■ **PROBLEM REQUIREMENTS**
Write out the lines below once more, exactly as they appear. Do not include pictures.
== SUPPLIED MATERIAL
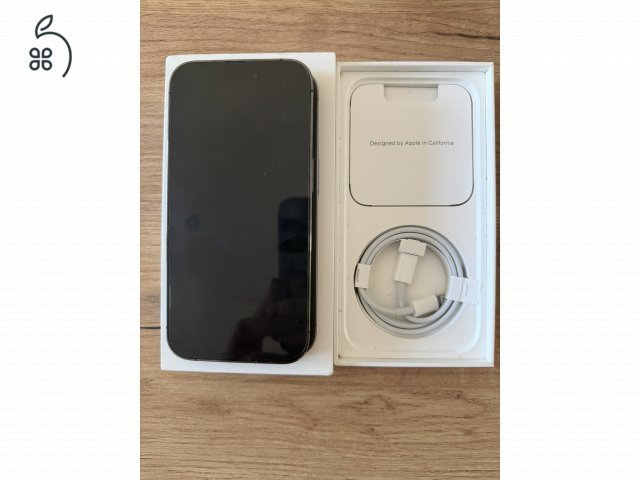 iPhone 14 Pro, 128 GB – kiváló állapotban, ajándék tokokkal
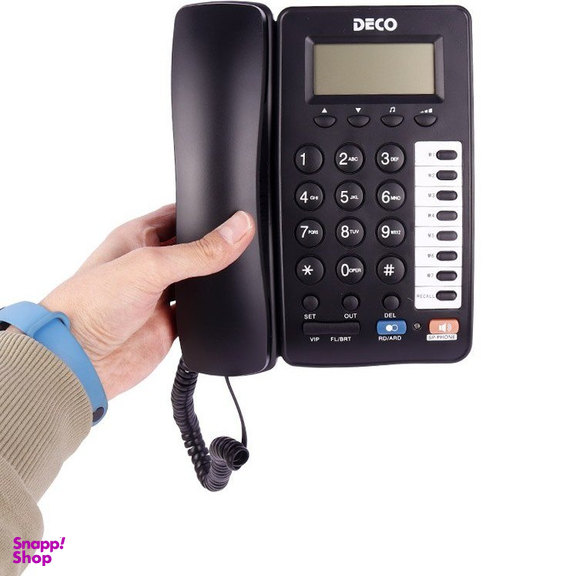 تلفن رومیزی باسیم دکو مدل 1372CID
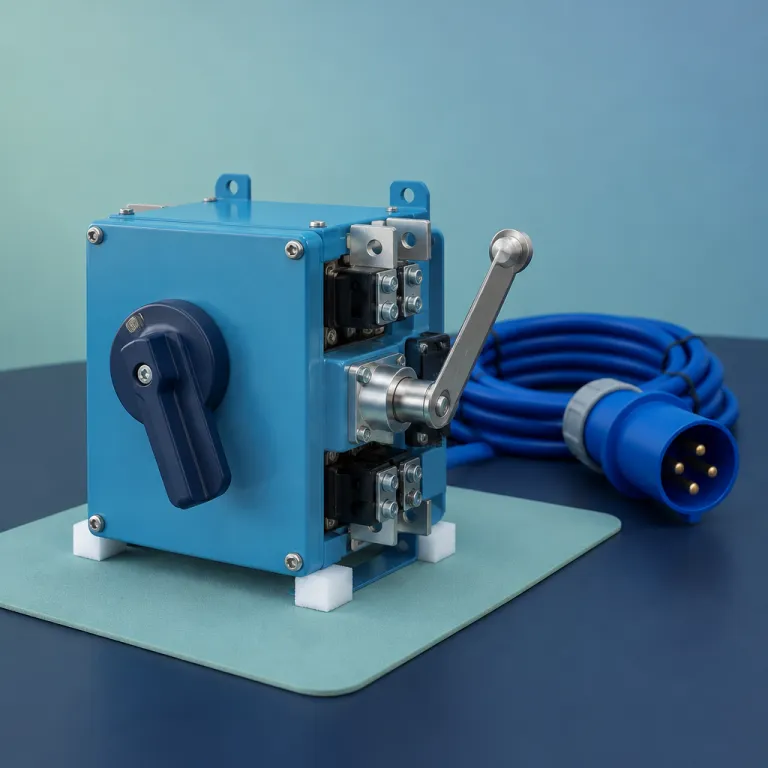 Inverseur de source manuel : sécuriser votre alimentation électrique entre réseau et groupe électrogène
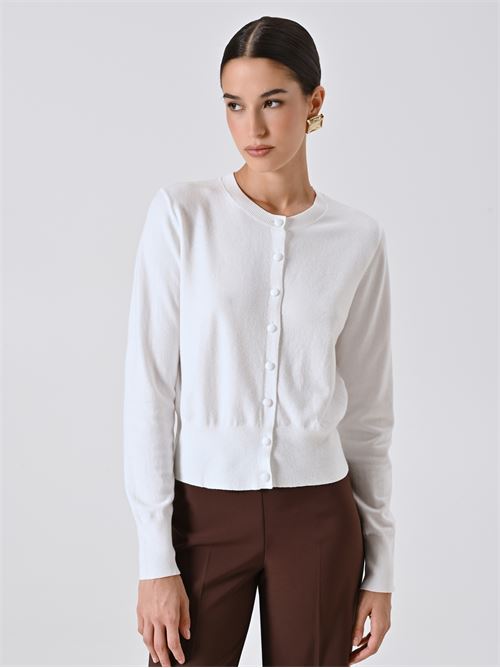 ALPH TE25-315 CARDIGAN BOTTONI RINASCIMENTO | CFM0012023003/B036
====
■ **RESULT OF THIS TASK**
 iPhone 14 Pro, 128 GB – kiváló állapotban, ajándék tokokkal
 تلفن رومیزی باسیم دکو مدل 1372CID
 Inverseur de source manuel : sécuriser votre alimentation électrique entre réseau et groupe électrogène
 ALPH TE25-315 CARDIGAN BOTTONI RINASCIMENTO | CFM0012023003/B036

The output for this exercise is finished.